What you are asked to do: Please restate word for word the lines of the entries below from the one with "Parking 10 m² LYON" to the one with "Private Catskills Escape, Pond, Fire", inclusive, and leave out every picture.

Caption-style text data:
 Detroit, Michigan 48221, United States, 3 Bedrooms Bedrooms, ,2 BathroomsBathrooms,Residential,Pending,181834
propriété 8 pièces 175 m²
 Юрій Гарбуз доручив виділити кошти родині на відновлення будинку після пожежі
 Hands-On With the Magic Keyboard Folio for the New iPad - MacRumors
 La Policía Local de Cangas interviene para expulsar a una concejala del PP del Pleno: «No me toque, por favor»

==

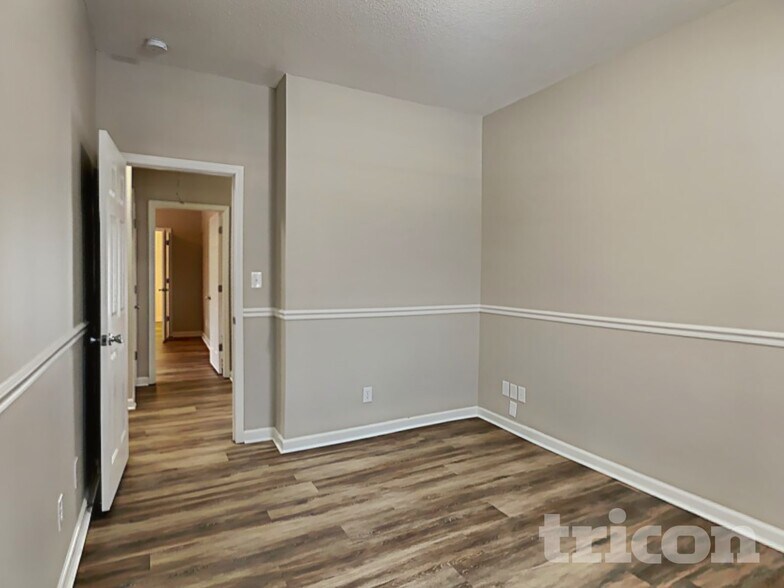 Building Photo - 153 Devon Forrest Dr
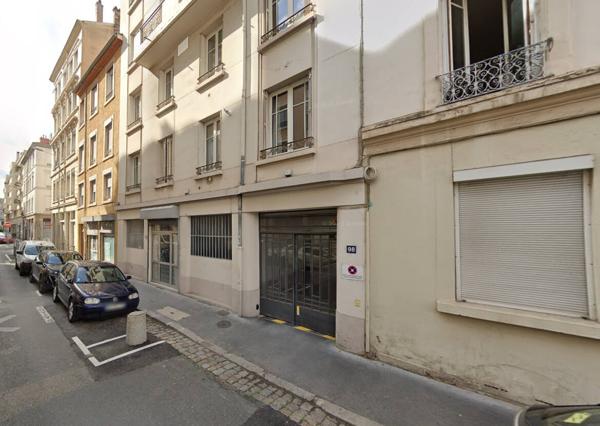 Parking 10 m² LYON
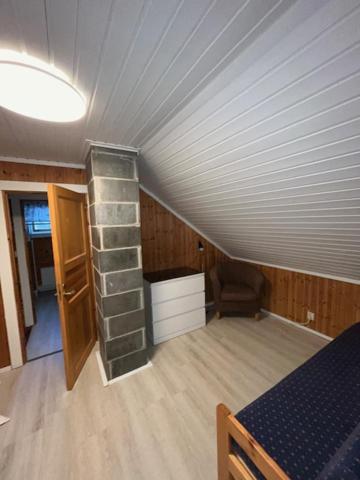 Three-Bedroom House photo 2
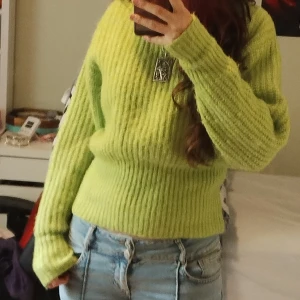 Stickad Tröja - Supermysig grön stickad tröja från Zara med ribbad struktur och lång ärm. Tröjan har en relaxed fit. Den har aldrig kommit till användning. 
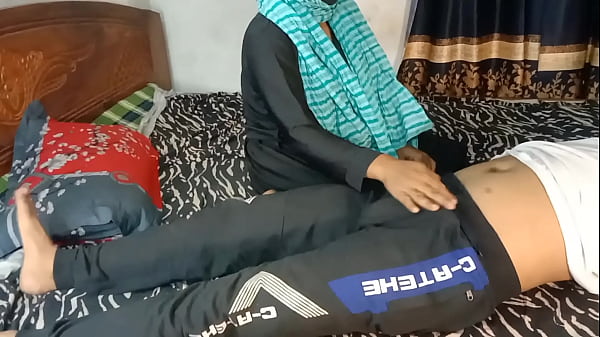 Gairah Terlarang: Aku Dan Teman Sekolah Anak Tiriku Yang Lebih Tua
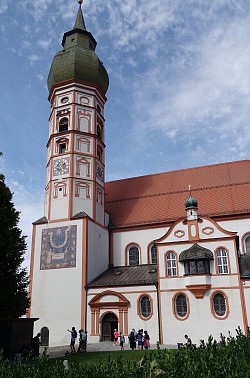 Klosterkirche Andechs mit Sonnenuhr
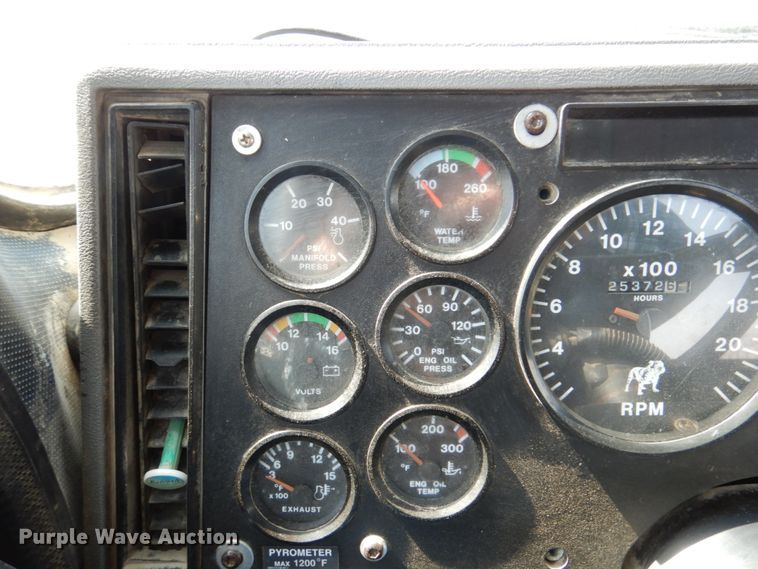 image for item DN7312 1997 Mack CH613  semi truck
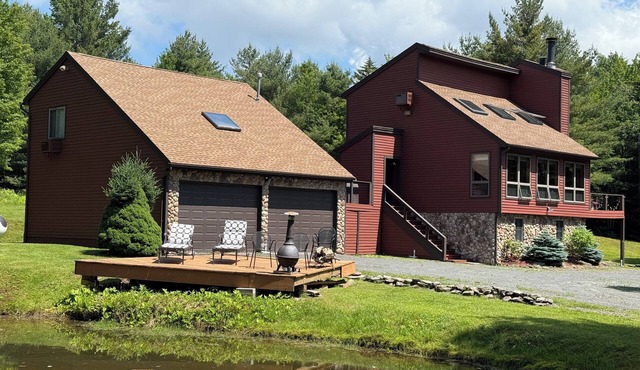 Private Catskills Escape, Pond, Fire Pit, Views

Answer to this task:
 Parking 10 m² LYON
 Three-Bedroom House photo 2
 Stickad Tröja - Supermysig grön stickad tröja från Zara med ribbad struktur och lång ärm. Tröjan har en relaxed fit. Den har aldrig kommit till användning. 
 Gairah Terlarang: Aku Dan Teman Sekolah Anak Tiriku Yang Lebih Tua
 Klosterkirche Andechs mit Sonnenuhr
 image for item DN7312 1997 Mack CH613  semi truck
 Private Catskills Escape, Pond, Fire Pit, Views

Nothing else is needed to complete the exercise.